Joe Morgan Wayne Hagin: Mets outfielder Angel Pagan appeared on the team’s radio pregame show yesterday. He had attended Saturday night’s Cotto/Foreman fight at Yankee Stadium, so they asked him about that, and at one point he mentioned how it had been 36 years since the Ali/Norton heavyweight title fight at the old Yankee Stadium.
When Pagan came to bat in the bottom of the 1st inning, Mets radio play-by-play man Howie Rose mentioned the pregame boxing discussion. That led his sidekick Wayne Hagin to weigh in thusly: “He also knew his boxing history, knew it was 36 years ago when Ken Norton would fight Muhammad Ali at Yankee Stadium. He was on top of it.”
The problem is that the fight in question took place in 1976, which means it was thirty-four years ago. I don’t care that Pagan got this wrong (I just want him to hit the cut-off man and take a few pitches when Reyes gets on ahead of him).
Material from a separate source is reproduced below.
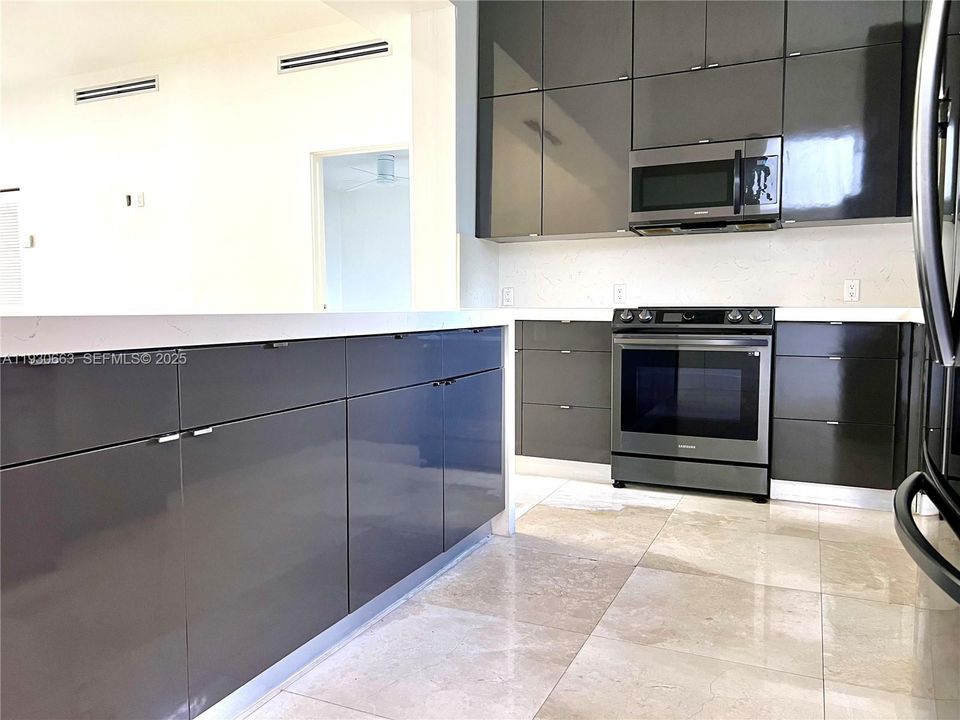 出租: $5,500 (4 贝兹, 3 浴室, 1765 平方英尺)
But couldn’t Hagin have invested 20 seconds’ worth of Google legwork into the situation instead of just blindly repeating Pagan’s misinformation? It didn’t exactly help matters that Hagin said this, as he says almost everything, with an air of knowing righteousness.
This small but telling error is classic Hagin, a guy who rarely seems to do his homework, always chimes in with the pitch-imperfect comment, and has basically become unlistenable. Since hitting town in 2008, he’s shown himself to be the broadcasting equivalent of a four-A ballplayer: His voice is a fairly serviceable instrument, but he doesn’t have the presence or sophistication to deploy it effectively. His sensibility — let’s call it suburban lite — is far too white-bread for New York and makes for a tragic mismatch with Rose, who’s a New Yorker to his core (and a much savvier announcer besides).
Hagin leans far too heavily on overheated decriptors and repetition. It’s never “a nice catch”; it’s always “an outstanding catch, I want to tell you, just a wonderful, wonderful play,” all delivered in that annoyingly righteous tone that sounds like a father imparting life lessons to a 12-year-old. By insisting that every play is exceptional, Hagin instead conveys the notion that none of them are.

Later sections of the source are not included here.